They’re both tiny. Dabi can’t see them well but he can still see Endeavor’s face, tired and beaten, and he feels a tiny sense of pride about it. The fact that Endeavor is just a man and it means Dabi can take him down like anybody else.
He feels so much bigger from up here and it gives him a sense of security, almost, knowing that if he were stood up close to Endeavor he would completely dwarf him. If neither of them had quirks, their fight would be a very short one, because compared to him, Dabi is just- small.
That, Dabi thinks, was a very bad thought to have.
It brings back memories.
His father has always been bigger than him. Taller and stronger and more than him. Dabi can’t stop thinking of it now and he tries not to dwell on the fact that underneath everything he is scared. He’s really, really scared.
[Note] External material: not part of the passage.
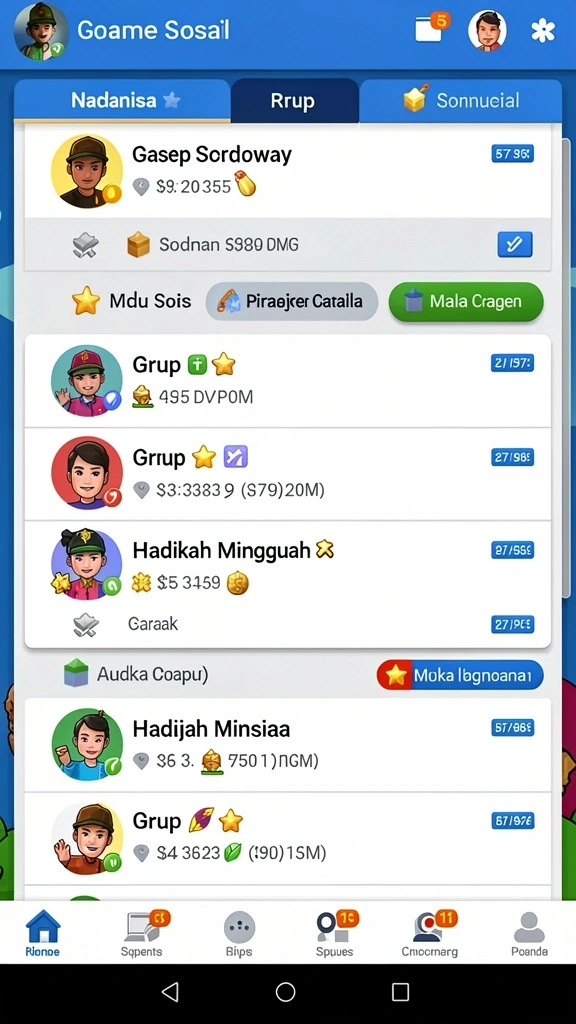 Alur panduan guaruda62 – Bonus Setiap Hari 2026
Endeavor is just a man but with his status and his power and his backup he could hurt Dabi, could easily hurt him.
He’s already hurt me, Touya whispers in the back of Dabi’s mind.
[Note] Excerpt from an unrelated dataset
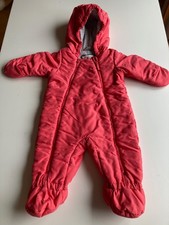 Petit Bateau Schneeanzug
“Shit,” Dabi grunts under his breath. “Not now.”
He says it just to himself because he can’t do this now, can’t deal with the distraught ghost of his own past when he’s about to destroy his father. He can’t have anything happen right this moment that could jeopardise this reveal because this is his life and he’s nothing without it. There’s no point to him without it.
Endeavor looks up at Gigantomachia and Dabi knows that he can’t see him, but a troubled, hurting part of his soul still yearns for it.
Dad is looking for me, Touya interrupts, and-
And then-
And then the air suddenly smells like burn cream and the bathroom of his childhood home and the same detergent his clothes used to be washed with when he was twelve.
And it’s- he’s-
Touya is sitting on the closed lid of the toilet and his father is in the room with him, and-
Dabi shakes his head because he can’t fall into his memories now, they’re in the middle of a war and he can’t afford to let something this stupid be his downfall. He’s not there. He isn’t there. He’s outside and he’s twenty-four years old and he’s not Touya, he hasn’t been in a very long time.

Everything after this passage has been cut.